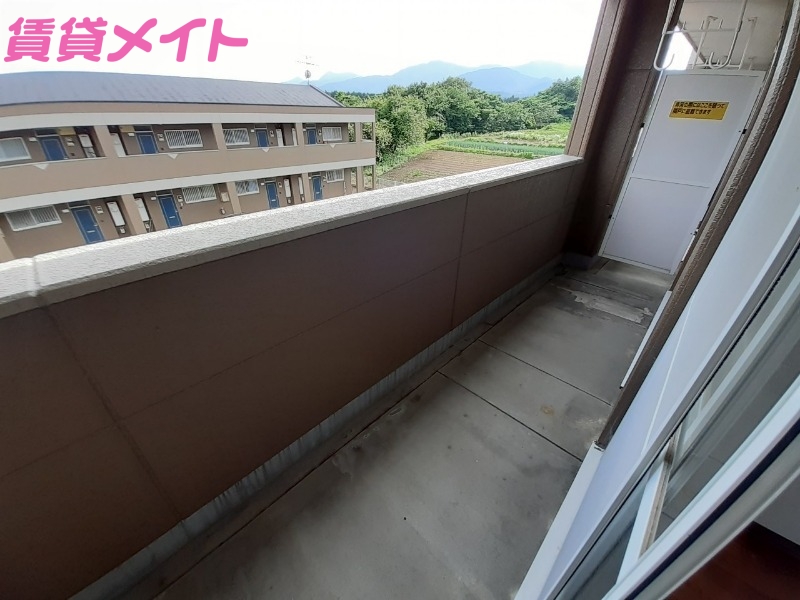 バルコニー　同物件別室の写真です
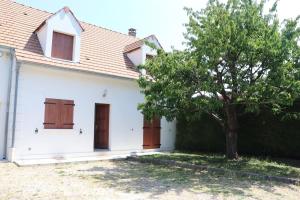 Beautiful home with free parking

==

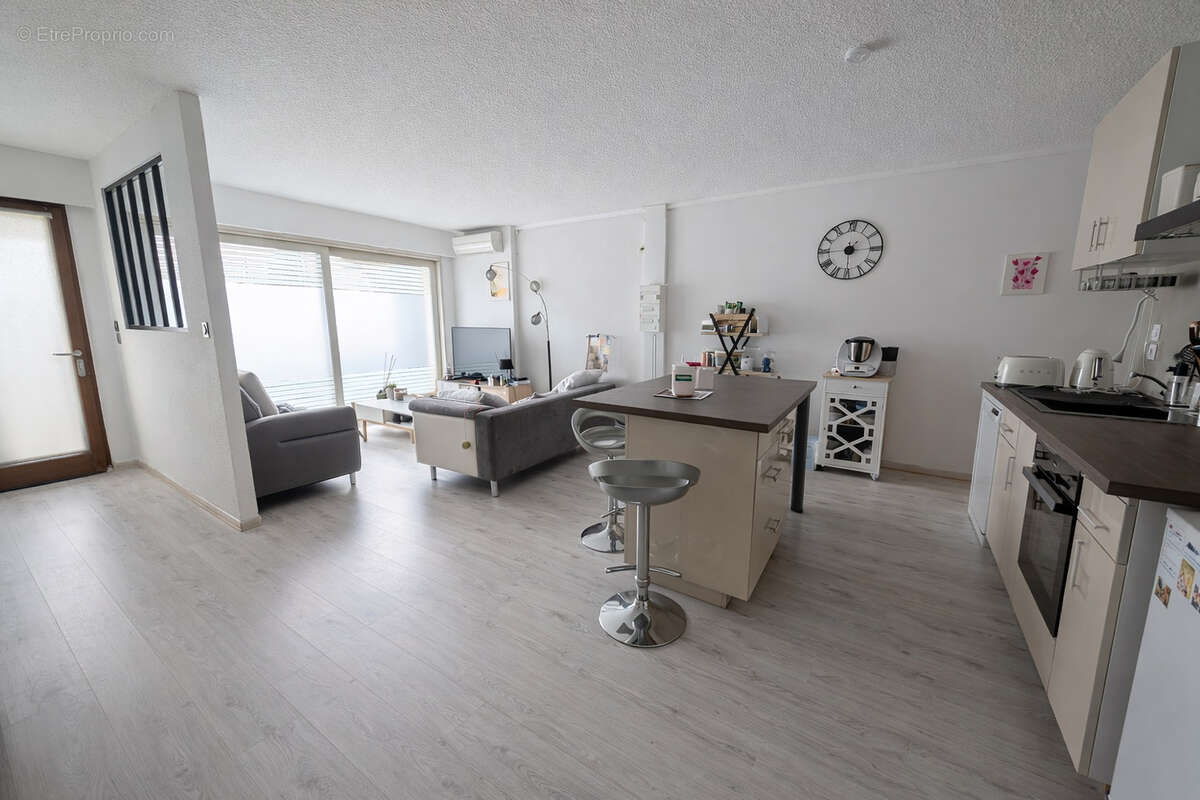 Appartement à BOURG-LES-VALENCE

PROBLEM TO WORK ON: Look above for the line with "バルコニー　同物件別室の写真です" and the line with "Beautiful home with free parking"; set down those two lines and all lines between them exactly, without pictures and without anything else.

PROBLEM SOLUTION:
 バルコニー　同物件別室の写真です
 Beautiful home with free parking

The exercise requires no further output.